= Veepstakes =

Selection of a running mate by U.S. presidential candidates

Veepstakes is an informal term for the quadrennial process in which candidates for president of the United States select a running mate. If the ticket wins, the running mate becomes the vice president of the United States and first in line to the presidency.

==Etymology==
A blend word of the words "veep" and "sweepstakes", the neologism has been found in print as far back as 1952.

==Selection process==
Once the Republican Party and the Democratic Party choose their presumptive presidential nominees for the election, the candidates themselves choose their running mates. Running mates are heavily vetted before being announced in the weeks prior to the party national convention.
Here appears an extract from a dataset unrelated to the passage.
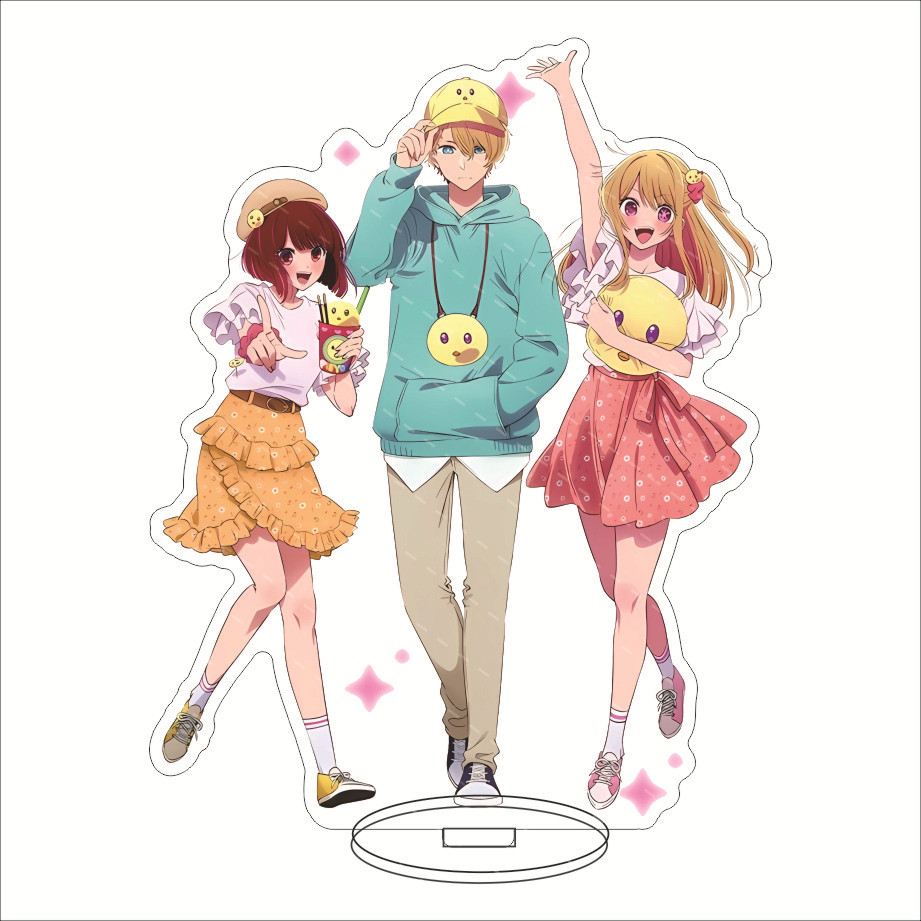 Figura de Anime de 16CM Oshi n - Figma Stand Set avaliação e preço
The selection of a running mate is given considerable attention because the individual chosen can be seen to broaden the ticket's appeal by complementing and balancing its strengths, ideologically, geographically, and with respect to credentials on either foreign or domestic policy.

Occasionally, the running mate is chosen from the pool of candidates who also ran in the primary, as was the case in 1960 with John F. Kennedy choosing Lyndon B. Johnson, 1980 with Ronald Reagan choosing George H. W. Bush, 2004 with John Kerry picking John Edwards, 2008 with Barack Obama picking Joe Biden, and in 2020 with Biden picking Kamala Harris.

Some presidential candidates who did not win their party's nomination have prematurely announced running mates, such as Ronald Reagan selecting Richard Schweiker in 1976, and Ted Cruz selecting Carly Fiorina in 2016.

==Historical examples==
In 1960, when Senator John F. Kennedy of Massachusetts won his party's presidential nomination, he chose Senator Lyndon B. Johnson of Texas in an effort to win that state's critical electoral votes and to enhance his appeal in the South.

In 2000, Texas Governor George W. Bush attempted to counter a perception of his inexperience by choosing Dick Cheney, a former White House Chief of Staff, House Representative, Secretary of Defense, and CEO of Halliburton.